Ingredients
Equipment
Method
Instructions
- Prep: Preheat the oven to 350°F. Line a baking sheet with parchment paper and set aside.
- Flour mixture: In a medium bowl, stir together flour, espresso powder, baking powder, baking soda, and salt. Set aside.
- Butter mixture: In a large mixing bowl, use an electric hand mixer to beat the softened butter until very creamy. Add the granulated sugar and brown sugar and beat until fluffy. Add the egg and vanilla extract and mix until smooth.
- Combine flour and butter mixtures: Add the flour mixture to the butter mixture and mix on low speed until just combined.
- Scoop dough: Use a 4-tablespoon cookie scooper to scoop out the cookie dough onto your lined baking sheet, leaving about 2-3 inches in between each dough ball for spreading.

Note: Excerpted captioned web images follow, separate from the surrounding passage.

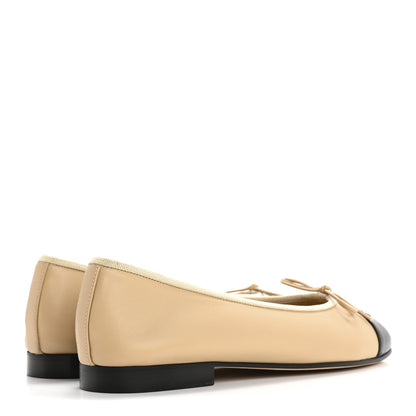 Chanel Lambskin Cap Toe CC Ballerina Flats 38 Beige Black 5 of 10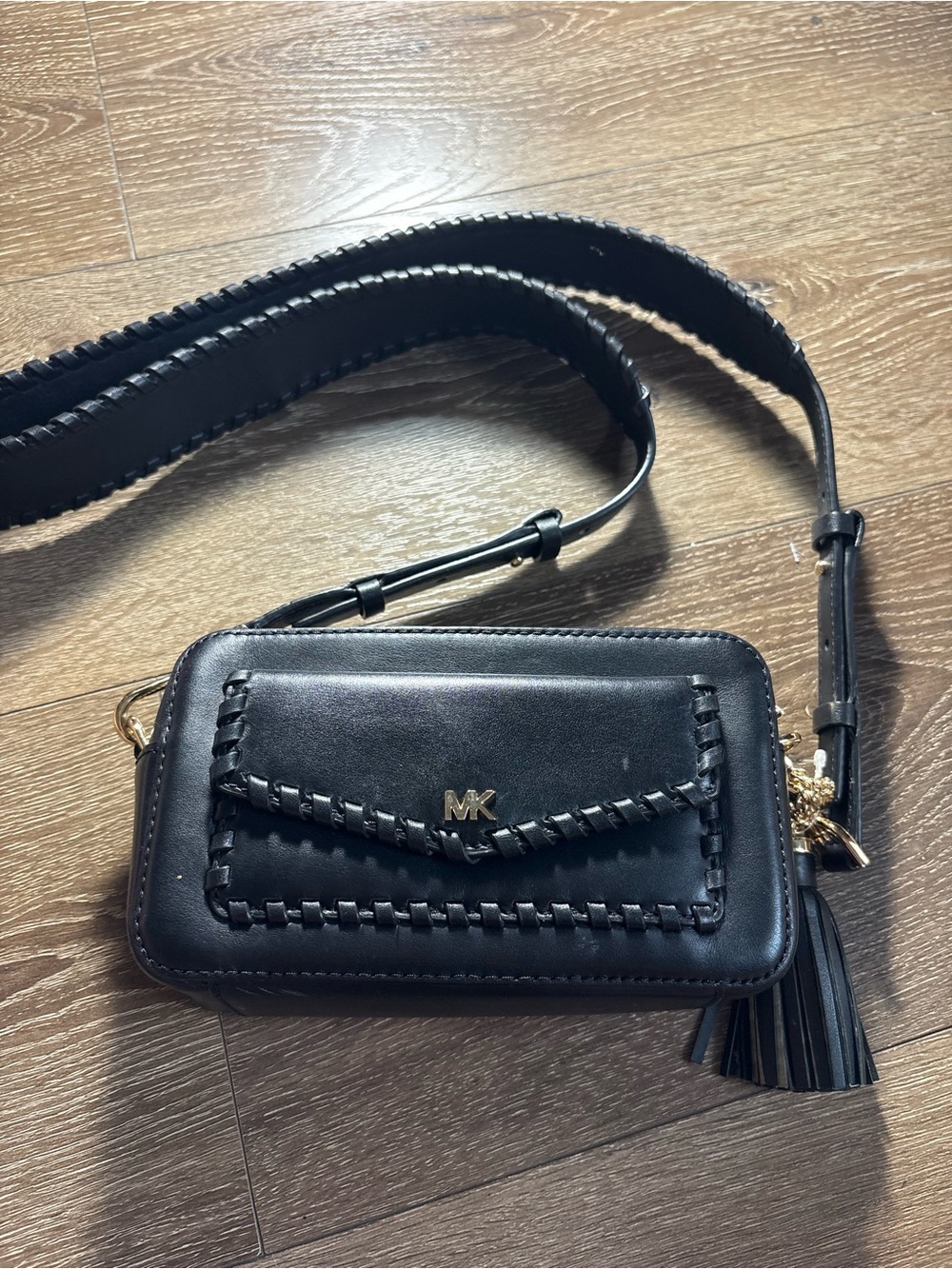 Michael Kors Black Leather Whipstitch Crossbody with Tassel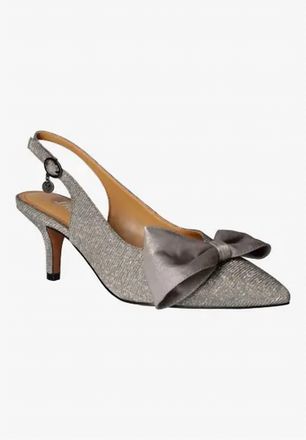 J. Rene&eacute; Womens Devika Sling Back Pumps In Pewter Dance Glitter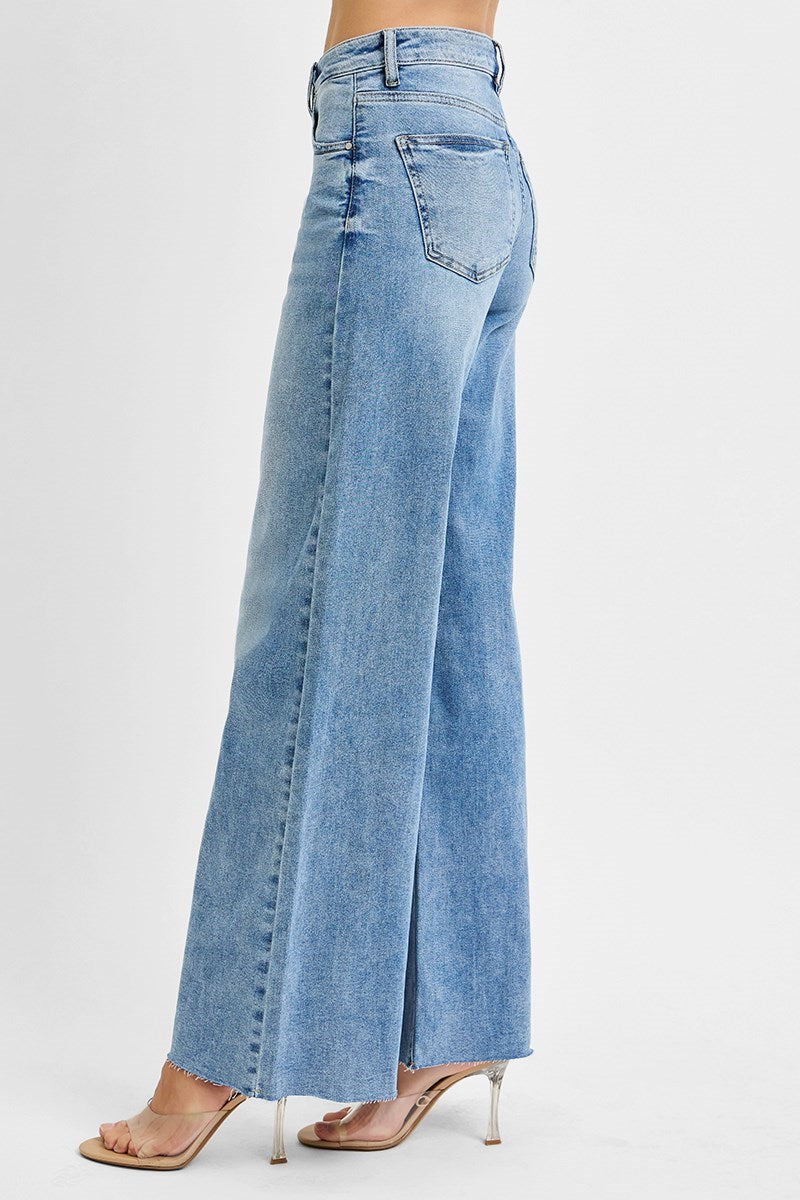 Risen Tummy Control High Rise Palazzo Jeans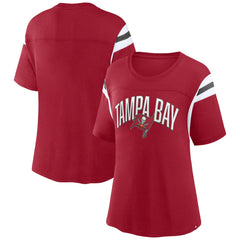 Tampa Bay Buccaneers Women's Earned Stripes T-Shirt Red | Fanatics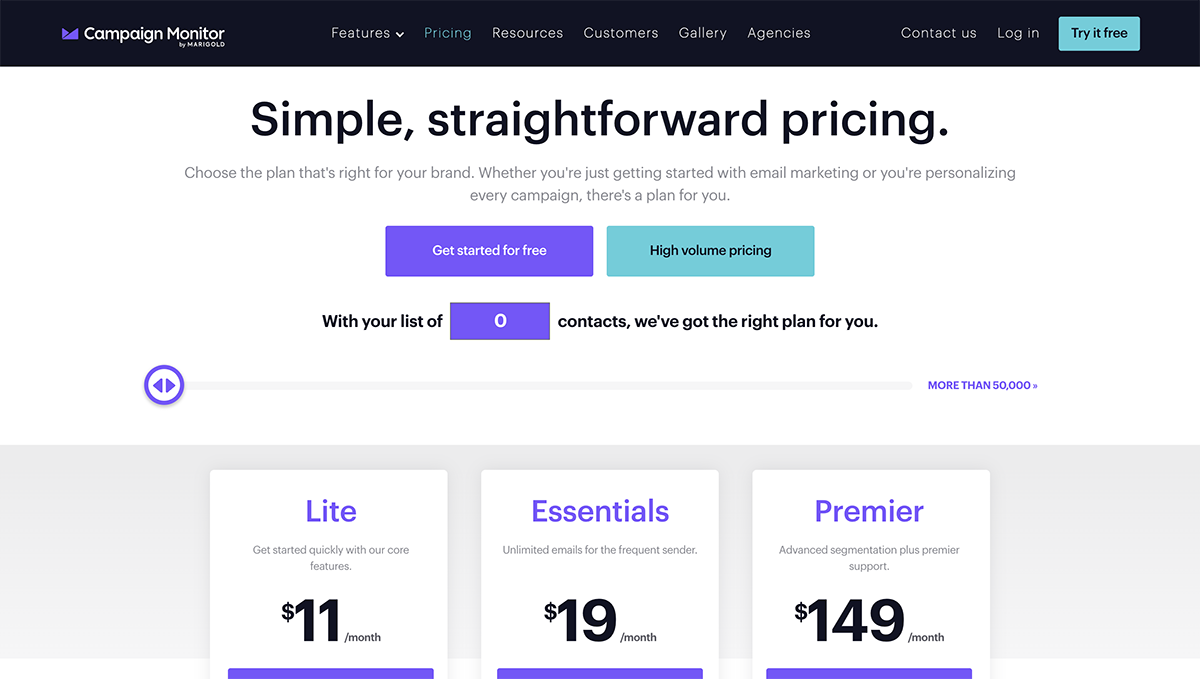 email marketing tool - Campaign Monitor pricing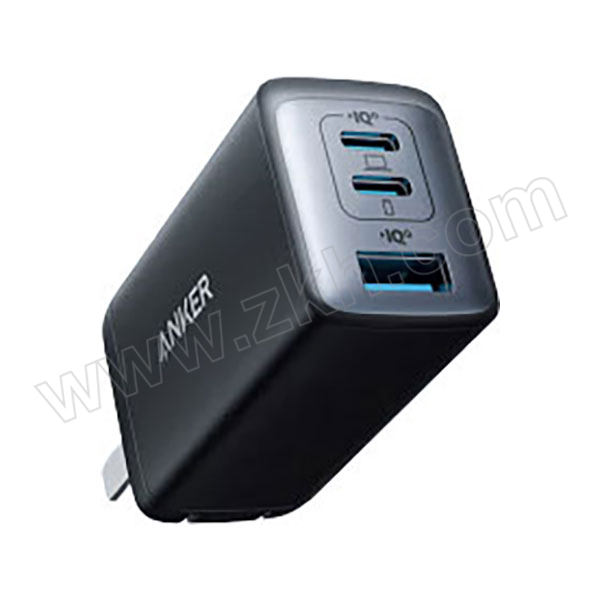 ANKER/安克 三口苹果快充充电器 A2667 65W 2C1A 黑色 适用iPhone13/12/11/华为/小米手机笔记本平板 充电头 氮化镓升级GaN2 1个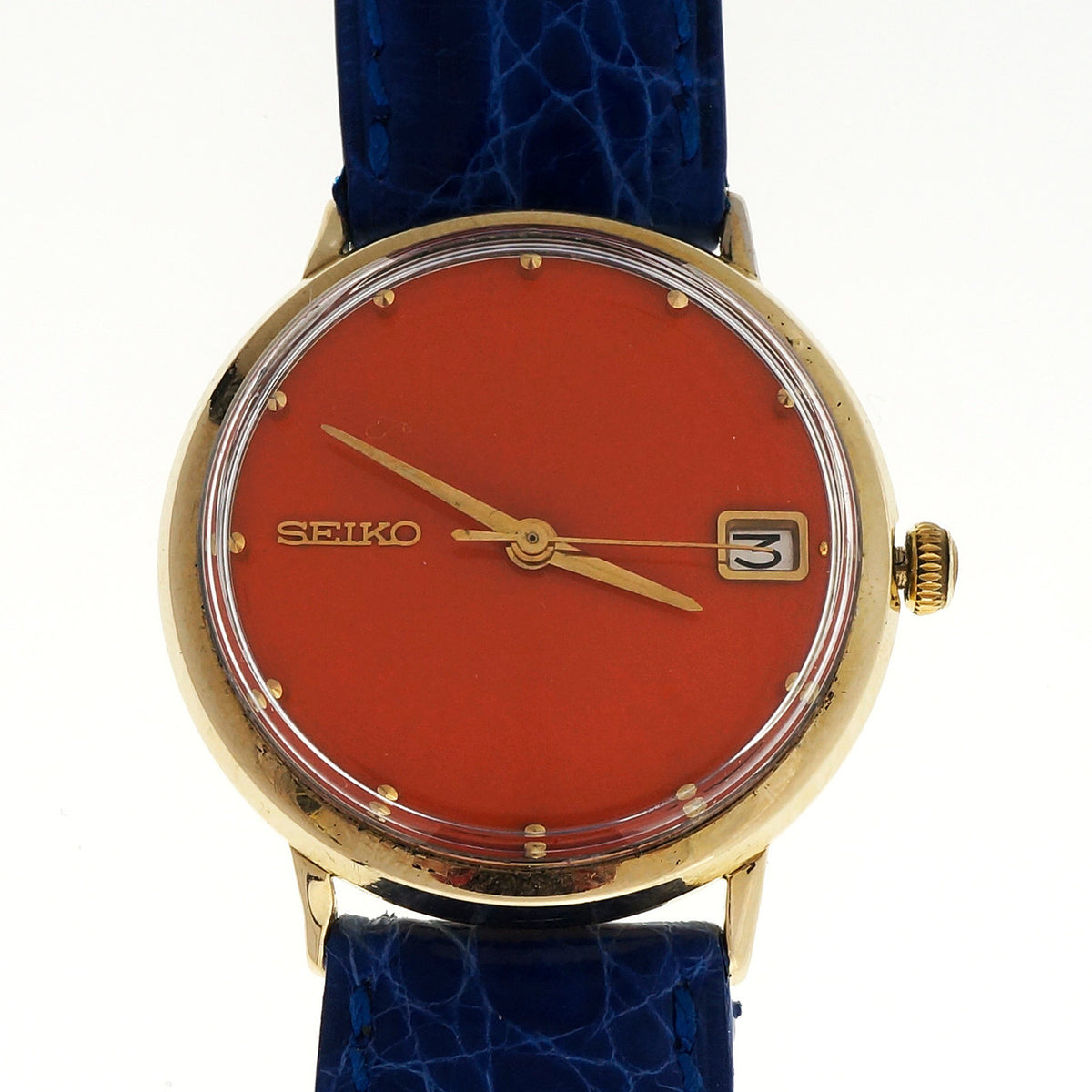 Seiko Yellow Gold Automatic Date Orange Dial Wristwatch – image 7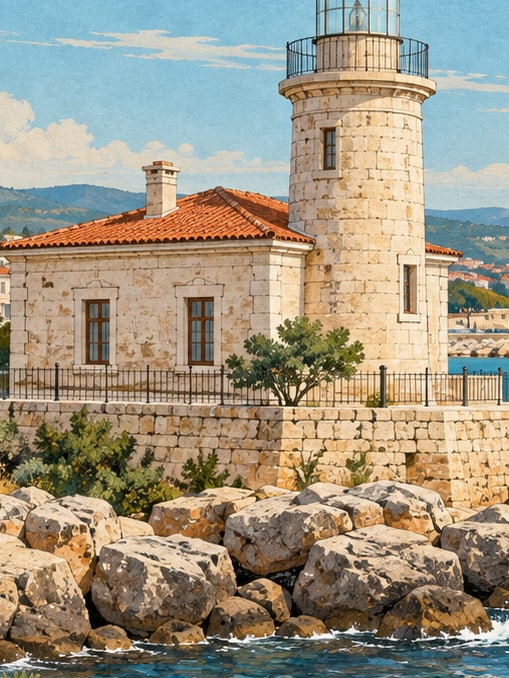 Zeichnung: Leuchtturm Marmaraereğlisi, Tekirdağ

- Bake: Bake cookies for about 12 minutes or until the edges are set. Let the cookies cool on the baking sheet for 5 minutes before transferring them to a wire rack to cool completely before frosting them.
- Mix: In a medium mixing bowl, use a hand mixer to beat the mascarpone cheese to loosen just until creamy. Add the whipping cream, powdered sugar, and vanilla extract and whip until the mixture thickens, about 5 minutes. When you tilt the bowl around, the mixture should barely or very slowly move.
- Spread cream onto cookies: Use a cookie scoop to portion the mascarpone cream onto each cookie and use an offset spatula or the back of a spoon to spread it around and create a swirl design in the cream.
- Dust: Use a small fine mesh sieve to dust cocoa powder on top of each cookie to finish.